Japanese philosopher

Kazuki Fujitaka (藤高 和輝, Fujitaka Kazuki) is a Japanese philosopher and an associate professor in the Faculty of Cultural Studies at Kyoto Sangyo University. (Note: Fujitaka has stated, "I cannot fully dispel a sense of discomfort with the identity of 'being a man.' ... I oscillate between a male identity and a transgender identity." Consequently, this article uses the pronouns they/them to refer to Fujitaka.) Their areas of expertise include contemporary philosophy, feminism, queer theory, and transgender studies.

==Early life and education==
Fujitaka was born in Osaka City. They graduated from the School of Human Sciences at Osaka University and completed both their master's and doctoral programs at the same institution. Fujitaka earned a Ph.D. in Human Sciences with a dissertation titled Judith Butler: The Fight for Life and Philosophy.

==Career==
After serving as a JSPS Research Fellowship for Young Scientists and as an assistant professor at the Graduate School of Human Sciences at Osaka University, Fujitaka joined Kyoto Sangyo University in 2020.

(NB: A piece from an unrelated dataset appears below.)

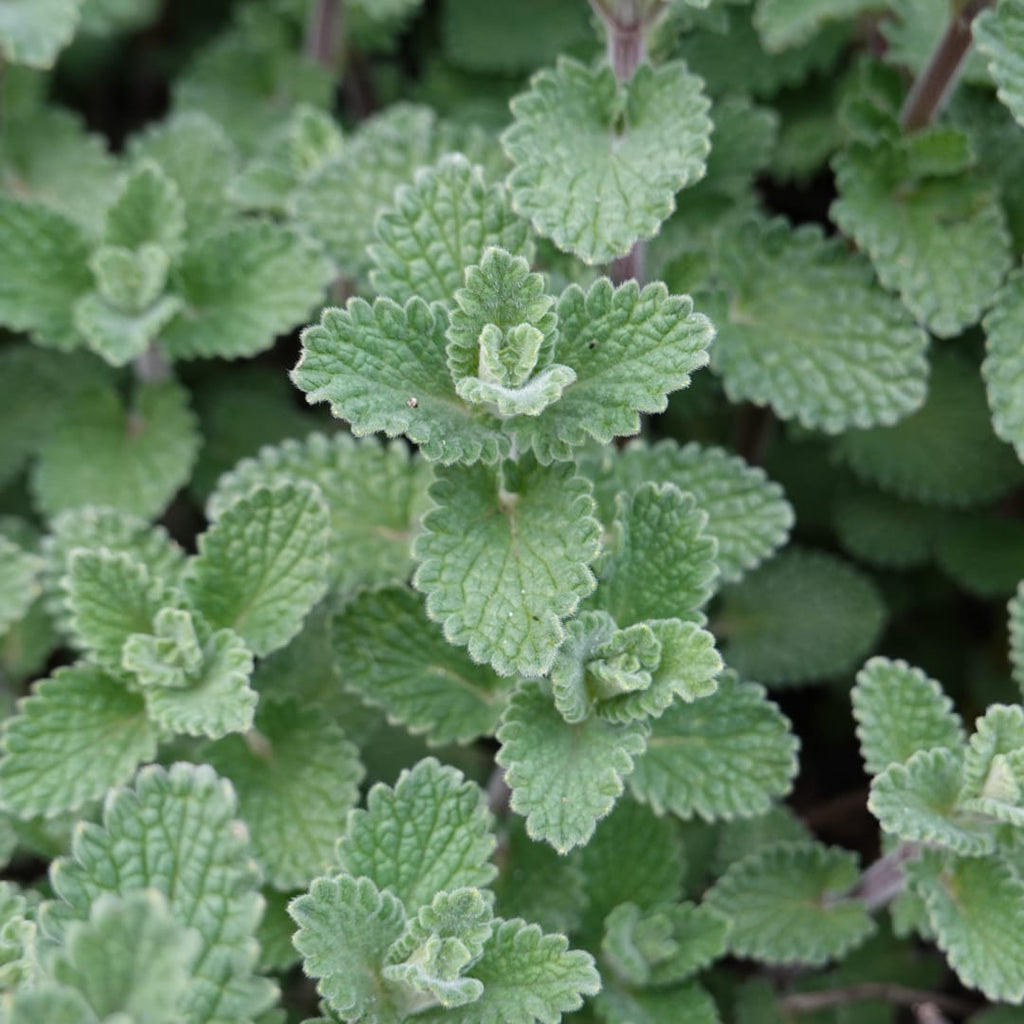 Bergminze Calamintha nepeta – Aromatische Staude für sonnige Beete & Steingarten – Insektenfreundlich & trockenheitsverträglich – Ø9cm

==Research and contributions==
Fujitaka began their academic career by studying the intellectual formation of Judith Butler’s philosophy. They have since developed a unique concept they refer to as the "philosophy of trouble," which synthesizes insights from feminist and queer thinkers such as Mitsu Tanaka, bell hooks, and Sara Ahmed. Fujitaka is also recognized for their contributions to Japanese scholarship on intersectionality.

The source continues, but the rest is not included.